At 4,807 metres, the Alpine peak is Western Europe's tallest mountain, attracting more than 20,000 climbers every year.
New access rules
But French authorities say "huge visitor numbers" and people camping illegally have led to concerns over sanitary risks such as water availability and problems with waste disposal.
Starting Saturday, people hoping to scale the mountain via the standard route, which takes several days, must now book a room in one of three shelters. The decree lists them as Gouter, Tete Rousse and Nid D'aigle refuges.
This was essential to "prevent trouble" from climbers who had not booked in advance, the decree said.
The new rules will be in effect until the end of the climbing season in September.

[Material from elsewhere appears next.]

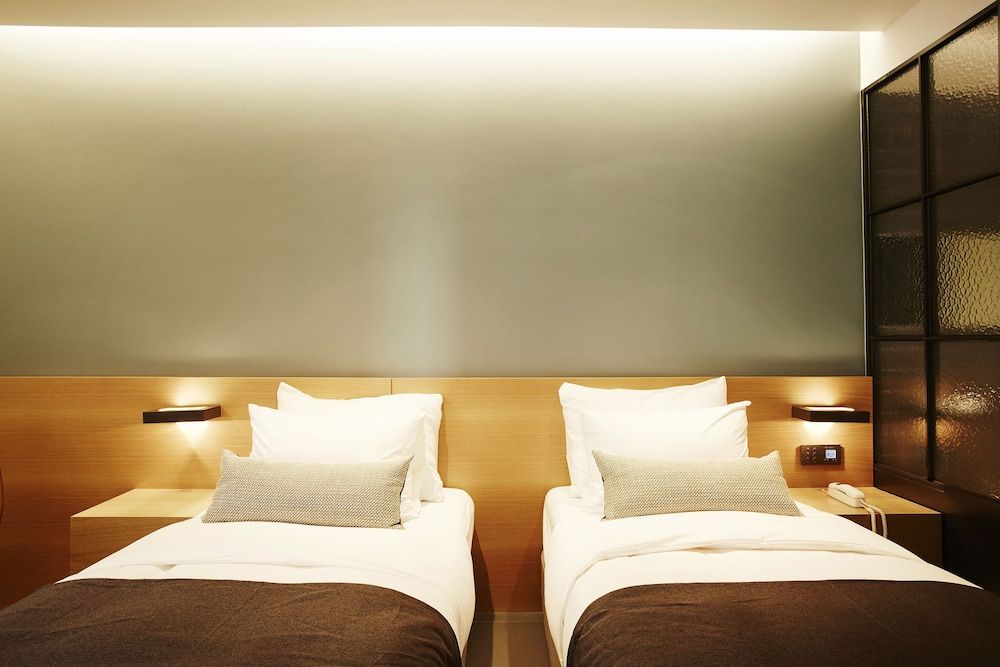 MD HOTEL DONGTAN Superior Twin Room with Shower 3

Mountaineers caught camping on the route risk two years in prison and a 300,000-euro fine, said regional administrator Pierre Lambert.
Enjoying Mont Blanc
The decree was signed on the same day a 25-year-old Slovak climber died after falling around 250 metres at the start of that standard route, widely known as the "Route Royale".
During last year's climbing season, fifteen climbers died on Mont Blanc, prompting officials to start limiting access to the most popular route up in July.
But a public information campaign launched last summer to dissuade crowds had proved "ineffective", said Lambert.
The ban marked "the result of 15 years of fighting to make sure mountaineers can enjoy Mont Blanc, while also respecting it", said Jean-Marc Peillex, mayor of the town of Saint-Gervais, where most climbers begin their ascent.
The new rules come as a traffic jam of climbers in the Everest "death zone" has been blamed for two of four new deaths reported on Friday on the world's highest peak.
Eight people have died on Everest in a week with concerns that the drive for profits is trumping safety there.